Ecuador: Socialist President Imposes ‘Emergency Tax’ on Earthquake-Stricken Population

As Ecuador struggles to organize reconstruction efforts following a devastating 7.8 magnitude earthquake that was felt nationwide earlier this month, socialist President Rafael Correa has announced forced salary contributions from the nation’s middle class and a major tax spike.

The new economic measures, he argues, are necessary to refill government coffers and pay for rescue and reconstruction, as well as to offset money lost in tourist revenue that will no longer come in from Ecuador’s coastal towns devastated by the earthquake.

In a speech broadcast nationwide on Saturday, Correa announced that all Ecuadorians who are making more than $1,000 monthly will be forced to pay the government a day’s salary. Those making double that will be forced to pay a daily salary for two months and so on, up to those making $5,000 a month, who will contribute five days’ salary within five months. Ecuadorians who own more than $1 million in personal assets will be forced to give the government 0.9 percent of their net worth.

In addition, Correa will be imposing a 2 percent increase in the nation’s value-added tax throughout the year.

In his speech, Correa emphasized the need for promoting tourism in the country. “Tourism cannot be affected,” he argued, “we have a very focused impact [from the earthquake], but the rest of the beaches in Santa Elena, Guayas, El Oro, are as beautiful as ever; Quito [the capital], Cuenca, our Amazon, Galápagos, our national parks, our natural beauty [as well].”

The effect these measures will have on victims of the earthquake — or those who survived but have relatives in hard-hit areas — remains to be seen. At least one economist, Universidad Eafit expert Óscar Eduardo Medina, has weighed in, suggesting that the move will be “efficient” for lining the pockets of government officials but may trigger undue inflation.

The official death toll of the earthquake last week is currently at 654, with over 26,000 people living in shelters after their homes were destroyed. At least 58 people remain missing, suggesting the death toll could rise. Survivors affected, those working on the ground warn, are having trouble finding food and water, and roads into the most affected areas are mostly destroyed.

Correa hopes a strong response to the earthquake will boost his popularity following criticism for his behavior immediately after the earthquake.
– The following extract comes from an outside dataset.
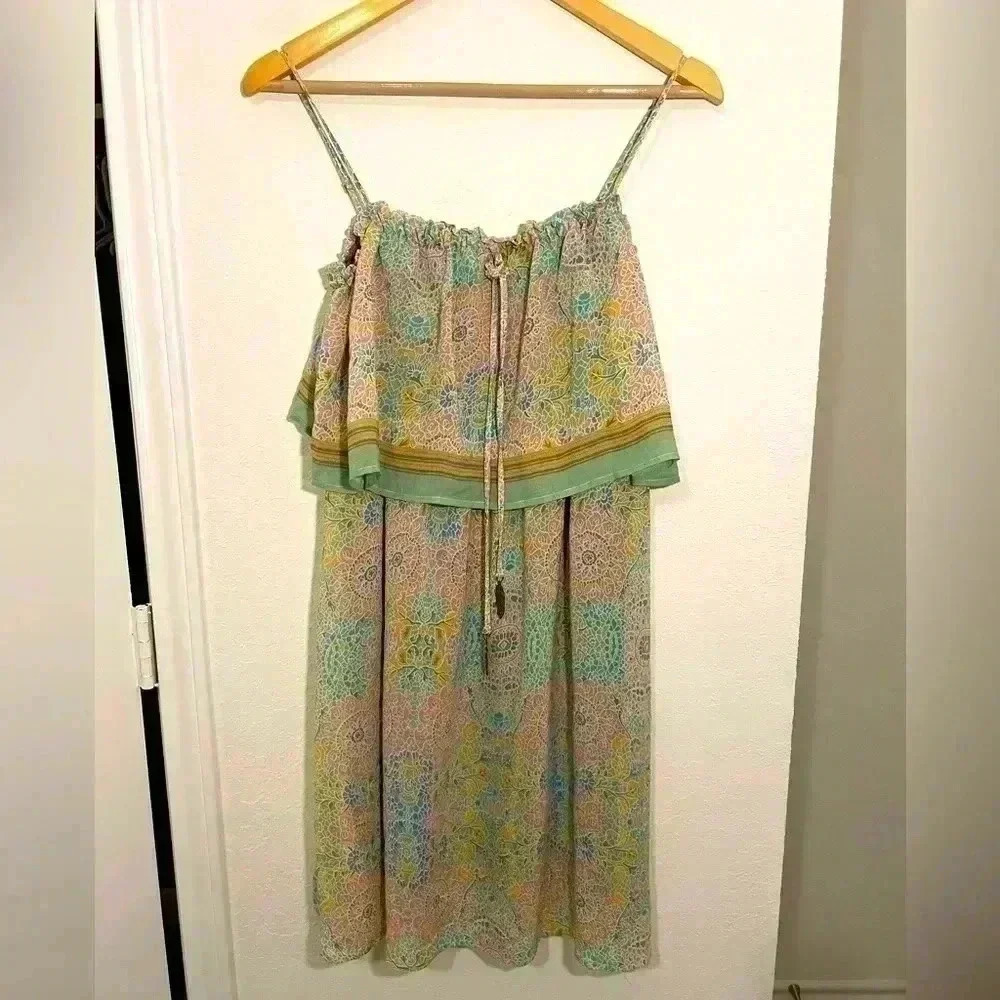 Stetson Western Sundress Green Print Feather Tassels Womens Size Medium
Correa, who was visiting Pope Francis at the Vatican during the earthquake strike, returned home immediately, with his office releasing footage of him touring affected areas touting his “work, coordination, and leadership,” propaganda which triggered wide rebuke, particularly on Twitter.

Correa was also caught on video losing his temper with earthquake victims in the city of Bahía de Caráquez. There, upon being swarmed by desperate earthquake victims asking for help, Correa can be heard saying in the video, “Nobody lose calm, nobody yell or I will arrest you, whether you are old, young, male, or female. Nobody cry or complain.”